(Data)

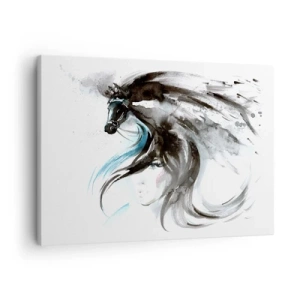 Tablou pe pânză Canvas - O femeie și un cal într-o acuarelă mistică plină de dinamică - 70x50cm - Galopul Prințului Negru - Decorațiune modernă pentru perete pentru living și dormitor ARTTOR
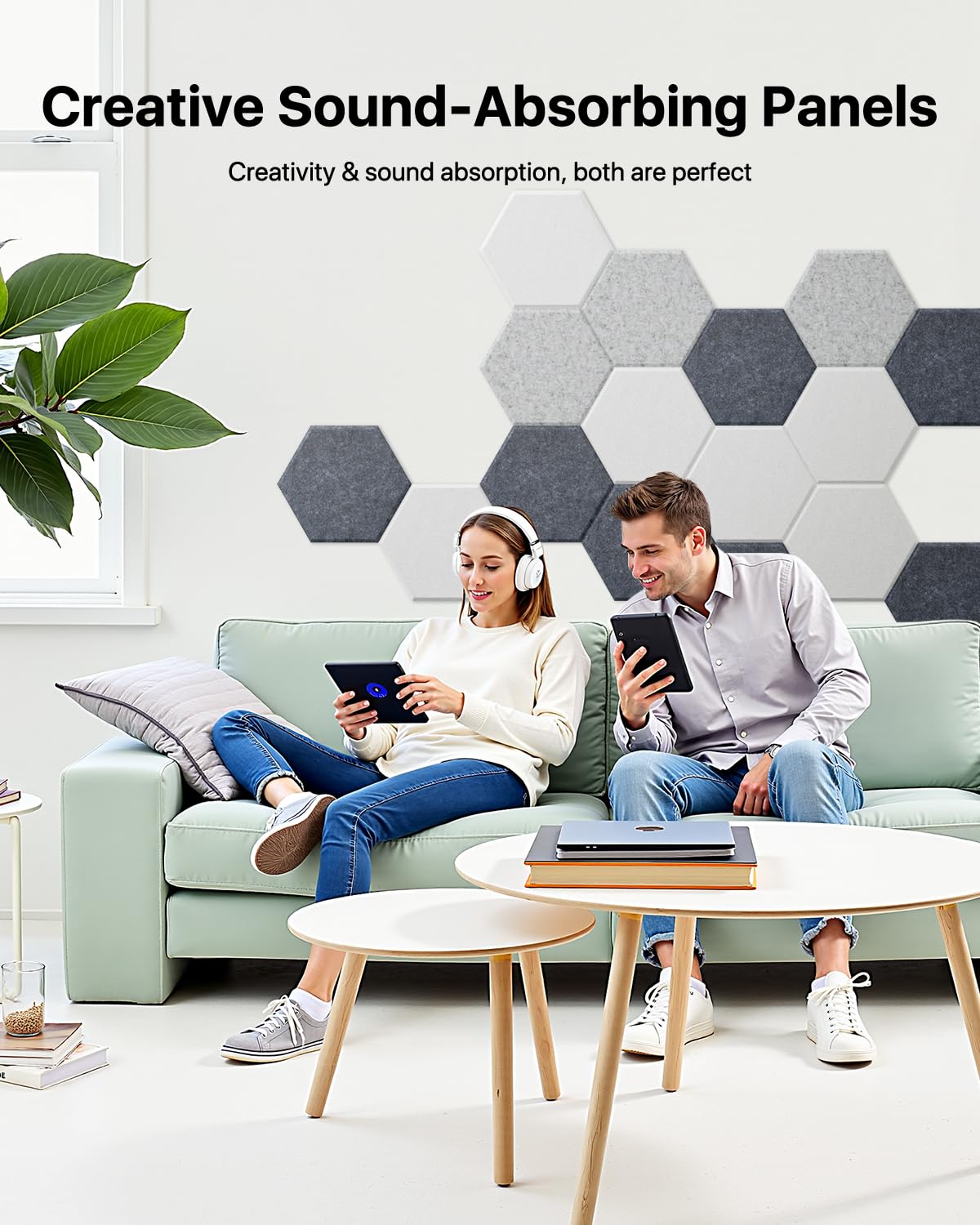 12 Pack Soundproof Wall Panels, Hexagon Acoustic Panels High Density Acoustic Wall Panels, Self-Adhesive Sound Proofing Panels for Walls, Office,Reccording Studio, Ceiling 12" X 10" X 0.4" White Soundsbay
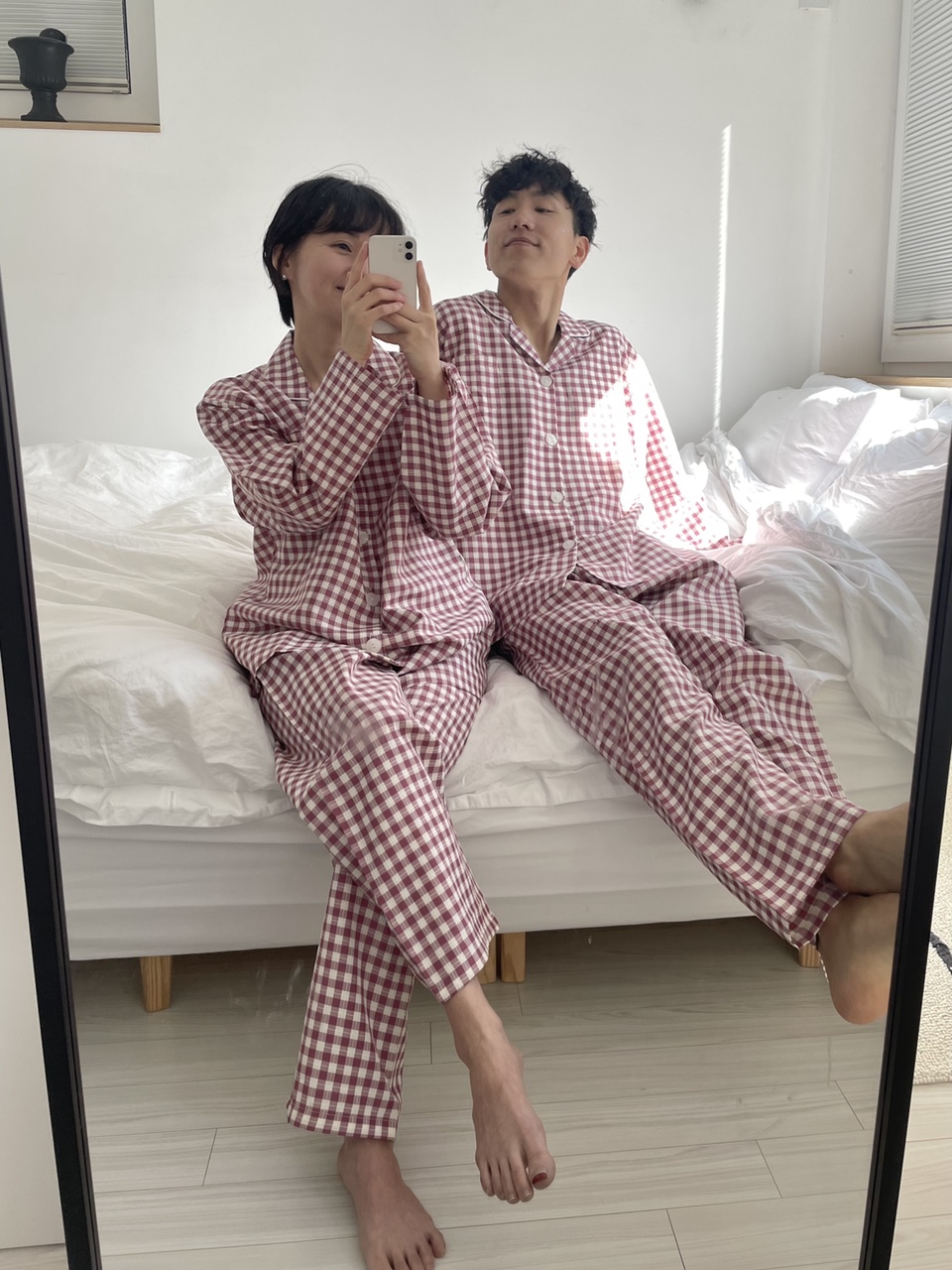 커플잠옷 스트라이프 면 파자마 홈웨어 세트 토미줄 이미지 7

(End Data)

# Assignment
From the line holding "12 Pack Soundproof" to the last line of the listing, please output each line exactly as it stands. Pictures stay out of the copy.

# Task result
 12 Pack Soundproof Wall Panels, Hexagon Acoustic Panels High Density Acoustic Wall Panels, Self-Adhesive Sound Proofing Panels for Walls, Office,Reccording Studio, Ceiling 12" X 10" X 0.4" White Soundsbay
 커플잠옷 스트라이프 면 파자마 홈웨어 세트 토미줄 이미지 7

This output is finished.